ACTION ITEM: Read through the material below and copy each line in which the word "background" occurs.

MATERIAL FOR THE TASK:

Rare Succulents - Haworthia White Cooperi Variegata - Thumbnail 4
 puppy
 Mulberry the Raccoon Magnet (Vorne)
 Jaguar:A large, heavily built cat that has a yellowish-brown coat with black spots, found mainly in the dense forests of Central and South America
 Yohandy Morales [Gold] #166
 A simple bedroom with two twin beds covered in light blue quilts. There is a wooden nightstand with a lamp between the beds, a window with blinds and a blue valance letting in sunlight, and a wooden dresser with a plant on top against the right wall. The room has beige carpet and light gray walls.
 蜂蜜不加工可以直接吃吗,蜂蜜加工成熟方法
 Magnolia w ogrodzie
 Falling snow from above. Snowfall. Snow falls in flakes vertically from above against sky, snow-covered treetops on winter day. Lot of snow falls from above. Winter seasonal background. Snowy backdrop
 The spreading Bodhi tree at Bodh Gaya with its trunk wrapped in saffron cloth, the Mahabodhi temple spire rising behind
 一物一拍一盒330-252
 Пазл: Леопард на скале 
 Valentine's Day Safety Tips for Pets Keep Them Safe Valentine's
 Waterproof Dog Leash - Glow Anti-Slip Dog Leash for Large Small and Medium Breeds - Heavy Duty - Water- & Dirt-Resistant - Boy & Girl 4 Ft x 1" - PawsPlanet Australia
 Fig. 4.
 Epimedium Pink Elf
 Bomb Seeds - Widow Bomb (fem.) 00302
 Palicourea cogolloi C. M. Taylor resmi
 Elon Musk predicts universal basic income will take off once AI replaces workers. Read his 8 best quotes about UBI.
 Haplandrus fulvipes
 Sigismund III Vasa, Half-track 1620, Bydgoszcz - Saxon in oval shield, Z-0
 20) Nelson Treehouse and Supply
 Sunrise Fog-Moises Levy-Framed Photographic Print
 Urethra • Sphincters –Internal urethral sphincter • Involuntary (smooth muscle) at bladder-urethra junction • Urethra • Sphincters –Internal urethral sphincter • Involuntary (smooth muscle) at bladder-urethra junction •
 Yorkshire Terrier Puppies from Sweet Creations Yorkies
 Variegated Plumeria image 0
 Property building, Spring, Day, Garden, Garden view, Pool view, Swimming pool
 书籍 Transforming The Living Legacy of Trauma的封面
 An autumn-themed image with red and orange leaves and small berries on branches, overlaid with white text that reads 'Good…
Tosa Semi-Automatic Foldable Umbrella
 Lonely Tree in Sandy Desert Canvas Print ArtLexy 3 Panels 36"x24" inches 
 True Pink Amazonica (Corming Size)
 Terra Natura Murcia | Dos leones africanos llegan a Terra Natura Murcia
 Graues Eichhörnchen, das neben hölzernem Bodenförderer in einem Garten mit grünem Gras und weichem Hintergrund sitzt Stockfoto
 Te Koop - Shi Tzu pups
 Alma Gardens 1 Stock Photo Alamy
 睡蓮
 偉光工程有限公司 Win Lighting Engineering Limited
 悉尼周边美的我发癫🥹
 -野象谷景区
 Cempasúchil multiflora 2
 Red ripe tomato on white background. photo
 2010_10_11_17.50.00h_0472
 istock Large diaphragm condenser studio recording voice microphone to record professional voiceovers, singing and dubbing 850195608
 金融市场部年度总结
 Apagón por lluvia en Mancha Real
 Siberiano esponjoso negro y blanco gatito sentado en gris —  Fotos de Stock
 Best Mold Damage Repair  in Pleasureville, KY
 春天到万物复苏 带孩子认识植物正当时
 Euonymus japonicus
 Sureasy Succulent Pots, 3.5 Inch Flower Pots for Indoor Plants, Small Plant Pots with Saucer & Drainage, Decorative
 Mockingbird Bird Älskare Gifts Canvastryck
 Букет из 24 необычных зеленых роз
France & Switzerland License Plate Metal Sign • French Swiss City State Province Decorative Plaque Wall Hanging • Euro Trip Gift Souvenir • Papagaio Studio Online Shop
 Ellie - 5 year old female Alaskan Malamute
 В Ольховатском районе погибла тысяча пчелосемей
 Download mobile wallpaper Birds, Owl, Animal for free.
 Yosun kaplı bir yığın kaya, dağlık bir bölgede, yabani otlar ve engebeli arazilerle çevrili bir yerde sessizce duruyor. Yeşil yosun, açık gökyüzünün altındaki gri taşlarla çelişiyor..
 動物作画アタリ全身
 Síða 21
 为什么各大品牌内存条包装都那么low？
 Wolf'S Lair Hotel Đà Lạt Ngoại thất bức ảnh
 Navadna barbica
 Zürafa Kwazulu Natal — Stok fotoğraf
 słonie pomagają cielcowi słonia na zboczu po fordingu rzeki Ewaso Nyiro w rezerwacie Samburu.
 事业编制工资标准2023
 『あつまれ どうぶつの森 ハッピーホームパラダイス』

SOLUTION:
 Falling snow from above. Snowfall. Snow falls in flakes vertically from above against sky, snow-covered treetops on winter day. Lot of snow falls from above. Winter seasonal background. Snowy backdrop
 Red ripe tomato on white background. photo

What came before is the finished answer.